Ballz n the Hood: What Are Your Odds of Playing in the NBA?


(Photo from ftw.usatoday.com)

With the NBA playoffs on the horizon, can you blame people for having basketball on the brain?

Indeed, it is fair to say that for many young basketball players out there, watching these games is not only a fun pass time, but it also fuels their desire to one day play in the NBA, an attainment that for some of those players who are lower class could serve as a means of escaping poverty. But, is a position in the NBA something that is equally attainable by all individuals, or does one’s social background really influence the odds of somebody playing in the NBA?

Such a question was addressed in a 2010 study by Dubrow and Adams who aimed to investigate “how the intersection of race, social class, and family structure background influences entry into the NBA.” Interestingly, the study found that African American players who have “disadvantaged social origins” have lower odds of playing in the NBA than African American and white players from well off backgrounds.

In particular, the researchers estimated that among African American children, those who are raised in a lower-class family have a 37% decreased likelihood of playing in the NBA compared to those raised in middle and upper class families. Further, among African American children, those who are raised in non-two parent families have an 18% lower chance of becoming a professional player compared to those raised in two parent families.

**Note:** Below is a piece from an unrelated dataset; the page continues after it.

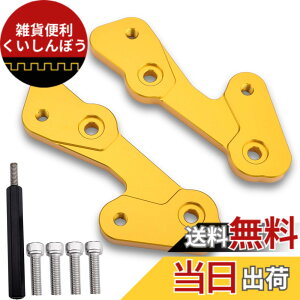 �y���������zLEDISHUN �o�b�N�X�e�b�v �A�W���X�^�[ 30mm �A�b�v 25mm �o�b�N �J���T�L ZX-25R(2020-2023) ZX-4R ZX-4RR (2023+)�ɓK�p �F�F�S�[���h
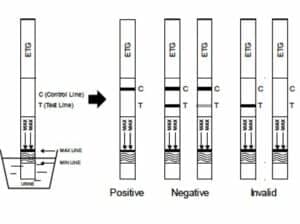 ETG pikatestin lukeminen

Now, some might say “this can’t be true, isn’t the NBA full of players who rose up from hardship and made it big?”

Well, in the same 2010 study, by conducting a newspaper analysis of pieces published between 1994-2004, (that addressed the social origins of a sample of NBA players), they found that the majority came from fairly well-off backgrounds. For example, the majority of players in the sample were found to have come from the middle and upper class. It would appear that the NBA is dominated by children of privilege, not disadvantage as it is popularly perceived. Many troubling questions spring to mind after reading this study, one of which is heavily troubling.

The important question that comes to mind after reading this study is: “what, given these odds, do we tell those disadvantaged kids who want to play in the NBA one day?” Do we tell them to give up entirely because it’s probably not going to happen or do we encourage them to pursue the object of their dreams, given that there have been players who have come from disadvantage and made it?

Such a dilemma forces us to put discouraging odds against the motivating, if not cliché, belief that you really do miss every shot you don’t take. Or, perhaps it’s best to simply say that, much like you should not put all your eggs in one basket, young players should not put all their basketballs in one hoop.

Resource

Dubrow, Joshua K. and Jimi Adams. 2010. “Hoop inequalities: Race, class and family structure background and the odds of playing in the National Basketball Association.” International Review for the Sociology of Sport 47(1):43–59.